4.3. Large-Area Fabrication Bottleneck: The Conflict Between Scale-Up and Crystallization Uniformity

At present, high-efficiency BC PSCs still rely heavily on small crystals and locally optimized electrode structures; the controllable fabrication of large-area highly crystalline single-crystal films remain a key challenge for scalable BC devices. Moazzezi et al. found that, in the space-confined method, single-crystal film scale-up is mainly limited by restricted mass transport within the narrow confined gap.

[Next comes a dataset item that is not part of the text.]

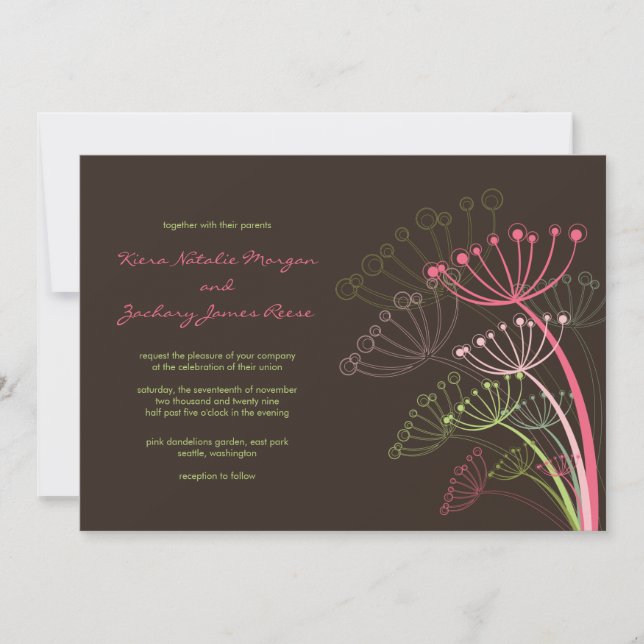 Sweet Pink Dandelions Frühlingseinladung Hochzeit Einladung (Vorderseite)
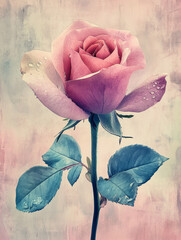 Elegant pink rose with dew drops in vintage pastel tones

As the lateral size increases, the precursor supply over long distances becomes increasingly difficult, which can disturb the local supersaturation environment and lead to undesired nucleation, imbalanced growth, and defect formation [59]. Liu et al. identified mass transfer as a major limiting factor in the solution growth of perovskite thin monocrystals, demonstrating that fast mass transfer can ensure uniform precursor supply and suppress bulk defect formation [89]. These results highlight the importance of continuous solute supply for large-area single-crystal wafer growth. For BC devices, the resulting nonuniform crystallization and defect formation would deteriorate long-range lateral carrier transport and charge collection, ultimately limiting the efficiency of large-area devices.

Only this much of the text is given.